Unexplainable NaN loss

I am currently trying to train a triplet-based variational autoencoder.

I used 5-fold cross-validation during which I encountered instabilities during training only with the last two splits for the largest model configuration. Otherwise, training worked well.

Now I am trying to train my models on the full dataset. During training I report the mean training loss after every epoch. From the first epoch on, the reported loss is NaN. However, when checking the mean loss of every individual batch, there are usually no NaN values at all for the first epoch although the final reported loss is always NaN.

Afterwards, usually within the second epoch all loss values also within individual batches become NaN after which the model never recovers. Interestingly, I never encounter just a few NaNs in a batch. There are no NaNs at first (as described above) after which there are only NaNs.

I have already tried decreasing the learning rate and clipping the gradients to no avail.

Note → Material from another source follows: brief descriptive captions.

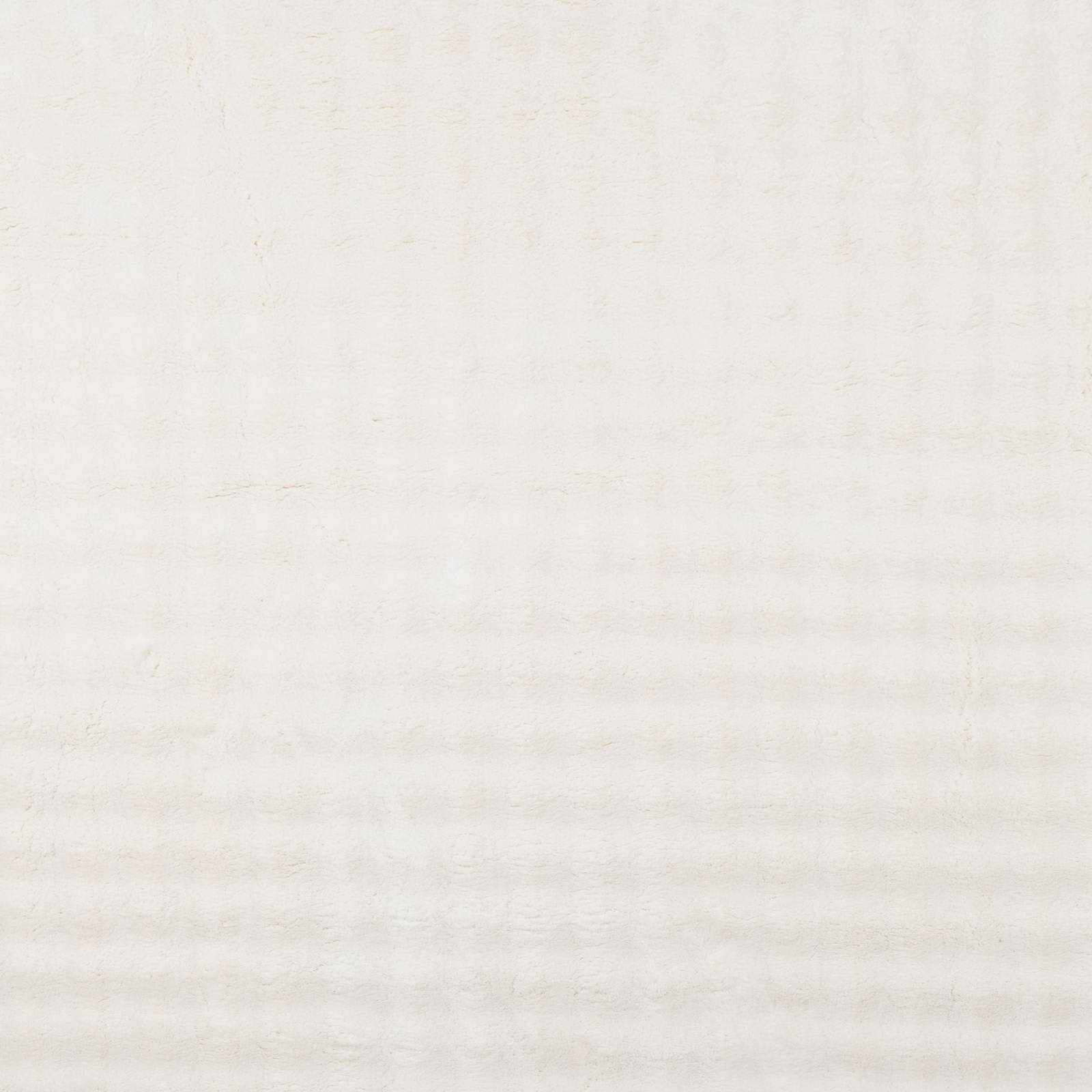 Bereichsteppiche Rechtwinklig SIROLO Creme 150 x 80 cm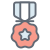 Medal icon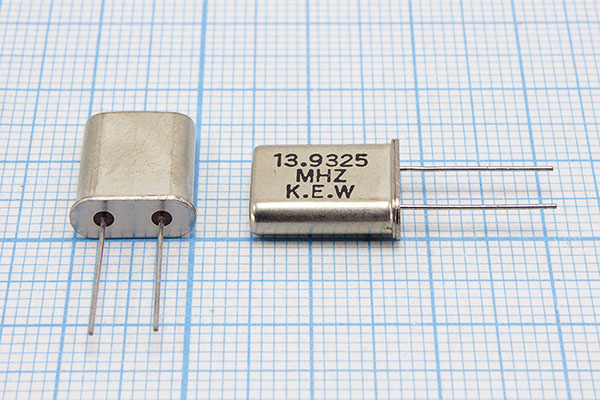 13932,5 \HC49U\20\\\\1Г (KEW) 13932,5 \HC49U\20\\\\1Г (KEW)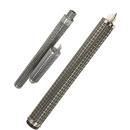 Stainless Steel Mesh Pleated Filter Cartridge
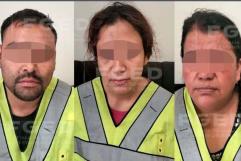 Sobrinos matan a su tía porque mujer les debía dinero en Durango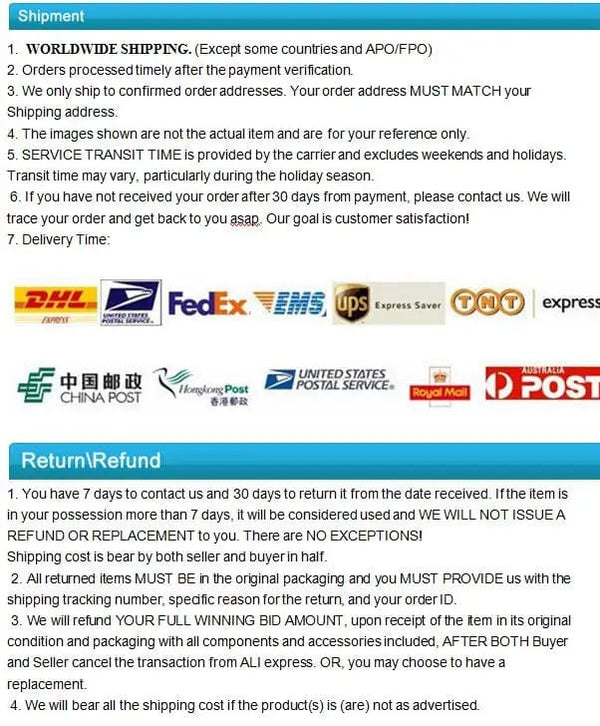 Planet Gates Child Montessori Toys for Kids 2 to 4 Years Old Cartoon Animal Dart Board Sticky Ball Family Interactive Educational Toys Baby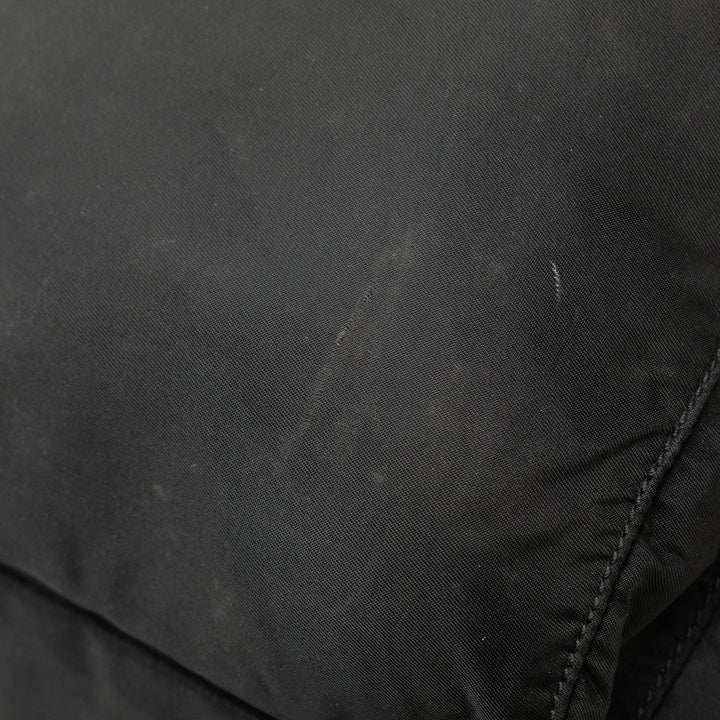 Prada Tessuto Backpack (SHG-uipFIp)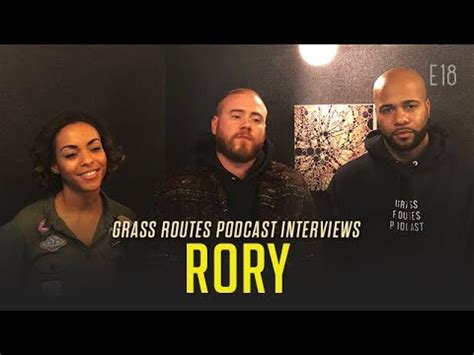 Joe budden took absolute control of the podcast and acted as a benevolent dictator and his missteps lead to a revolt. Rory talks Agencies becoming new labels and The Joe Budden Podcast | Grass Routes Podcast #18 ...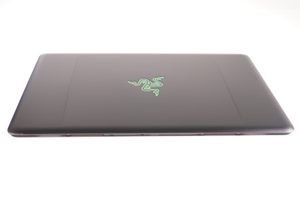 RZ09-0239-BACK-COVER MSI LCD Back Cover
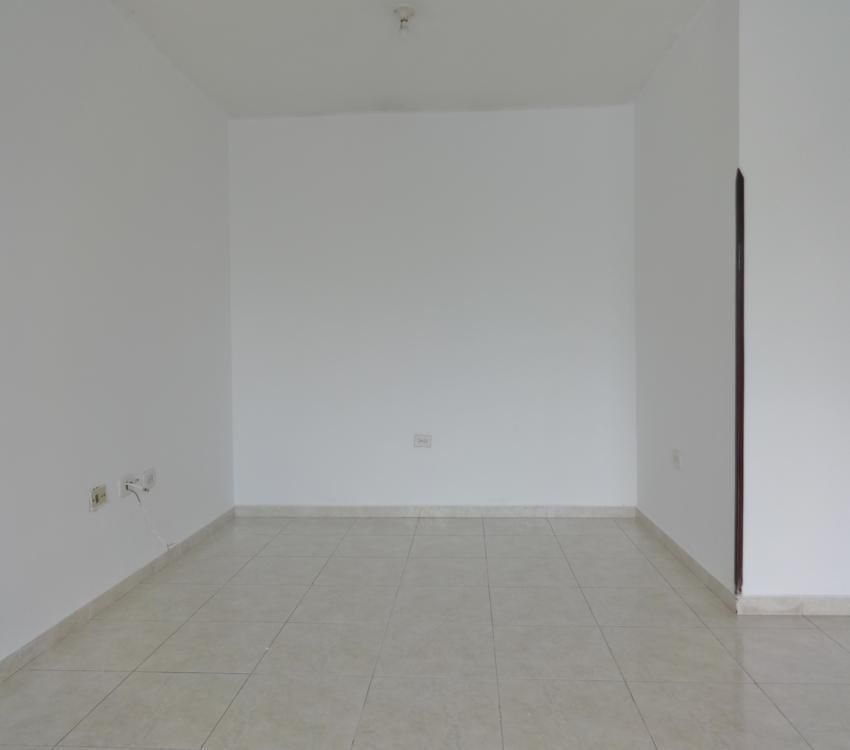 Imágen 10 de inmueble COD: 33232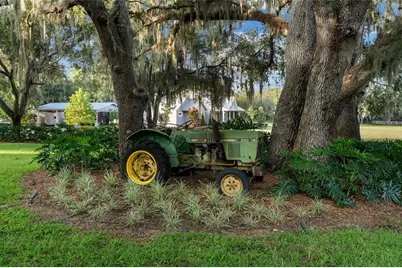 21679 SW 106th Lane Road, Dunnellon, FL 34431 - Photo 55
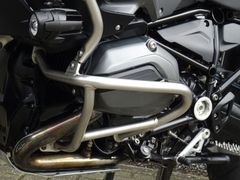 BMW R 1200 GS Adventure 2015 occasion – foto 17 van 18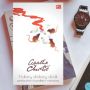 5 Alasan Kenapa Kamu Harus Baca Karya Agatha Christie yang Satu Ini!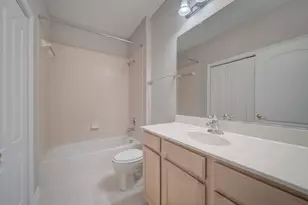 22942 Rose Quartz Square, Brambleton, VA 20148 - Photo 24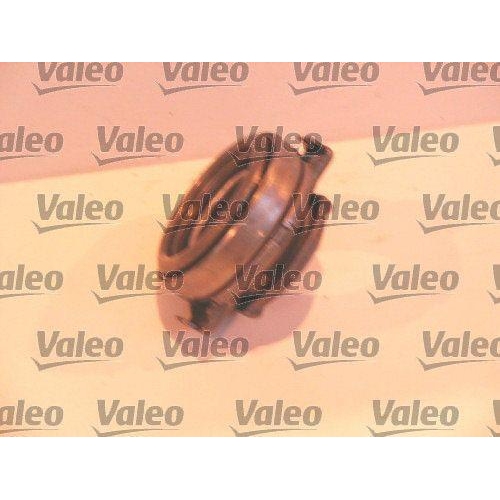 Kupplungssatz Valeo 826335 3kkit f&uuml;r Hyundai Kia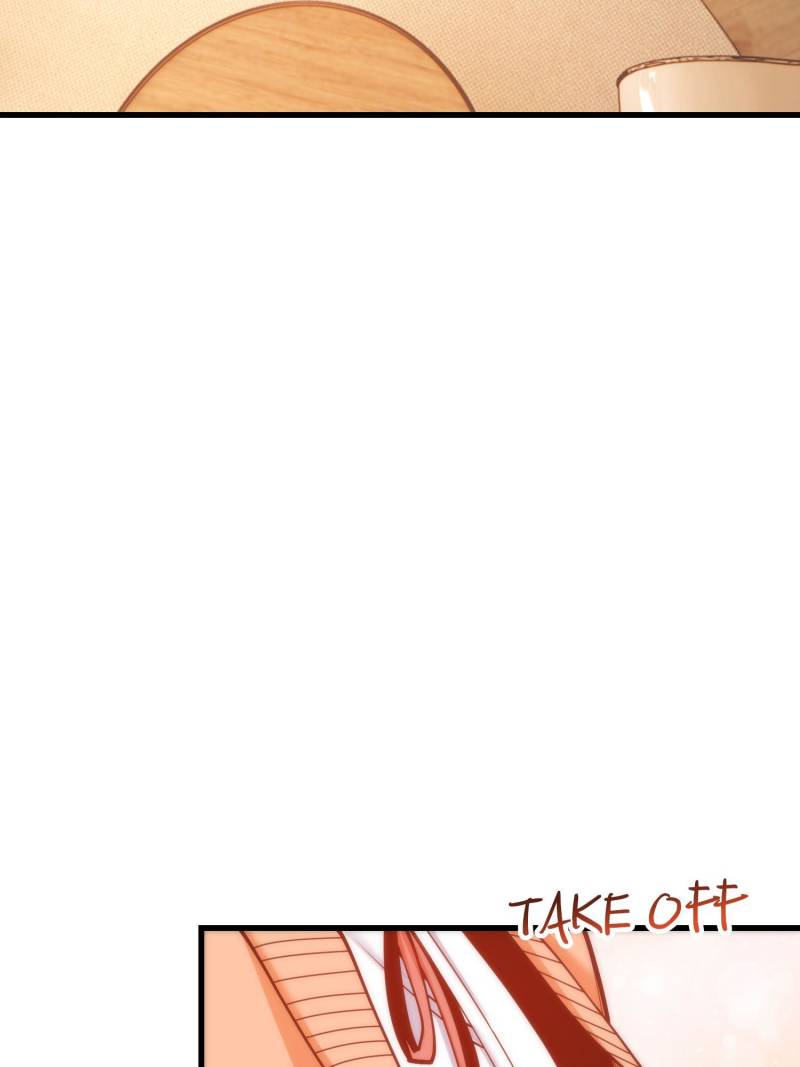 I Regressed to Level Up Instead of Being a Simp — Chapter 172 — page 48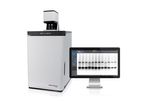 Vilber Fusion Solo - Model S - Modular Imaging System for Laboratories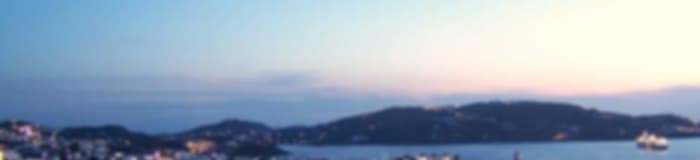 Couple Holiday: 8 Nights In Athens, Mykonos And Santorini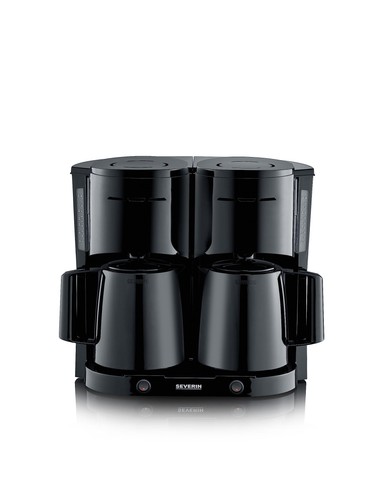 Severin 9315 - severin, ka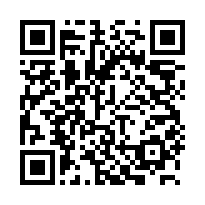 QR Code for bitcoin:bitcoin:19v4JvCQQAYPMtuH71jabX2pTSkK8bbkAP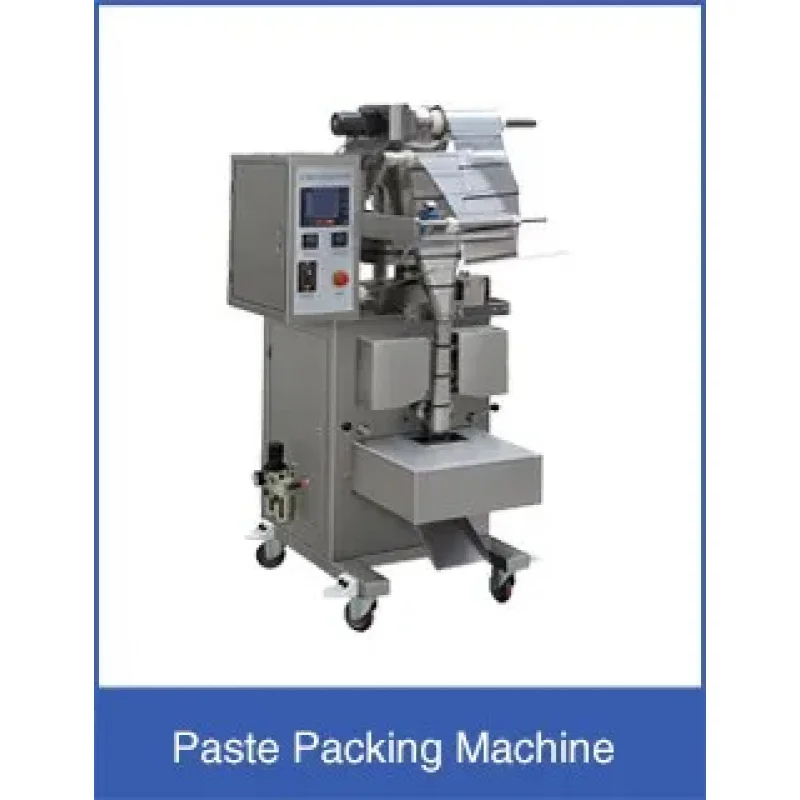 Automatic Milk Water Pouch Packing Hine Commercial Sachet Liquid Filling Packaging Equipment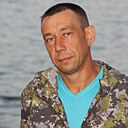 Алексей, 46 лет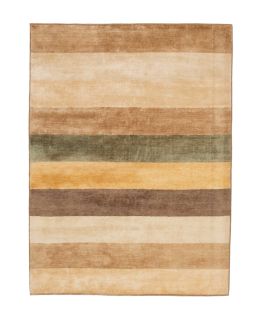 Dargistan Multi 173x231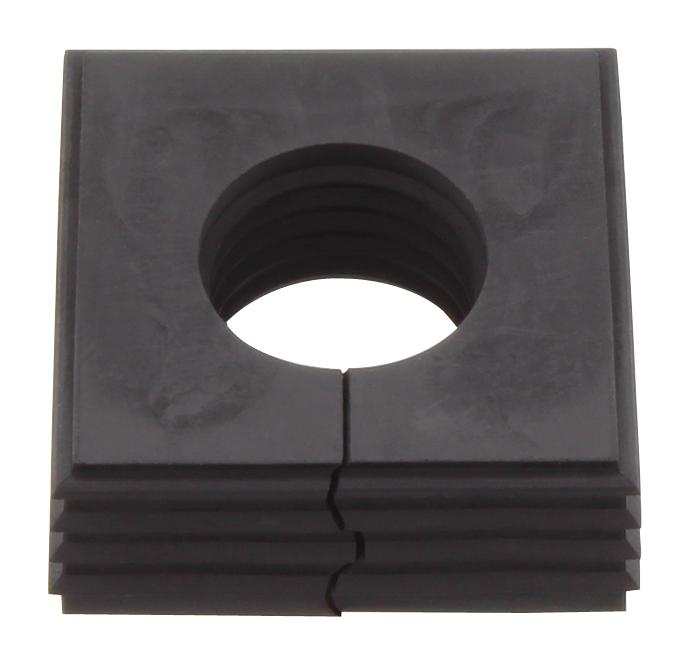 Buy Weidmuller Conical Grommet Part Number 2583770000 Online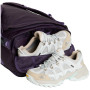 Дорожня сумка The North Face Base Camp Voyager Duffel 32l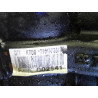 MOTEUR ESSENCE RENAULT TWINGO 1.2 LPG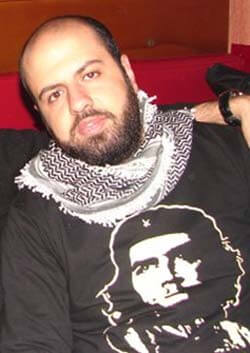 When Young people express themselves… | Babelmed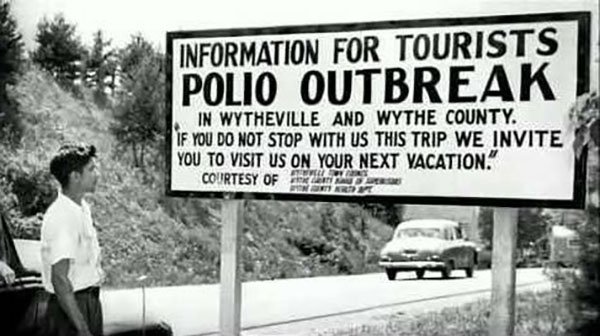 Polio Epidemic Warning Sign_Final.jpg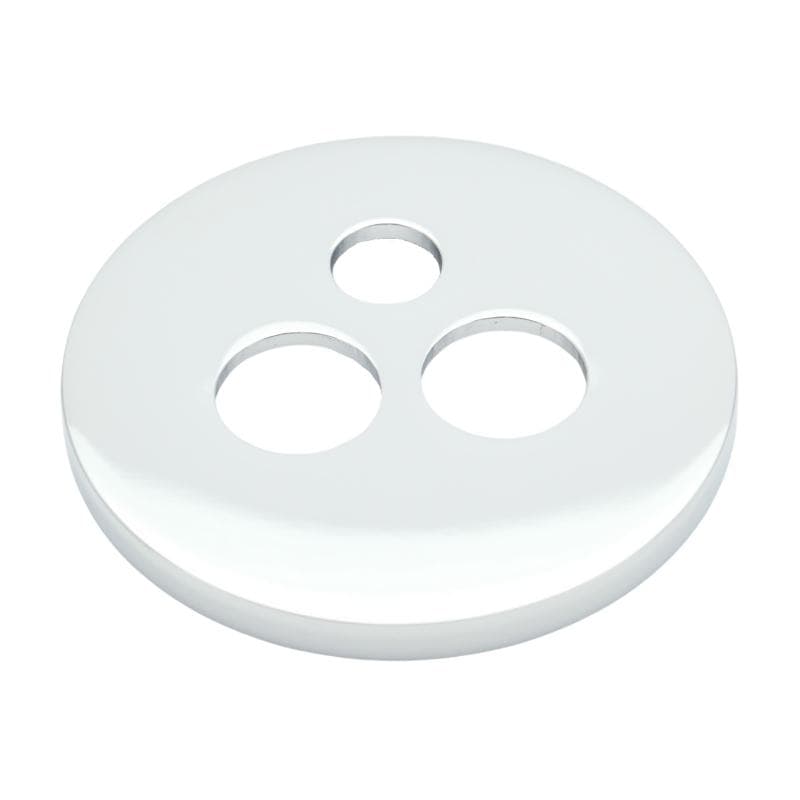 iflo Brasilia Flange (485457)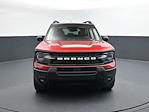 2025 Ford Bronco Sport AWD SUV for sale #SRE67104 - photo 4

I also checked almost every intermediate tensor for NaN values but the behaviour is the same as described, everything suddenly becomes NaN at a certain point. I attempted to find the culprit by using torch.autograd.set_detect_anomaly(True) which simply reported that a MulBackwards call received NaN as its first input. However, that didn’t get me anywhere.

I’m out of ideas. Do you have any ideas or suggestions?

1 Like

Can you create minimal code that repeats the issue?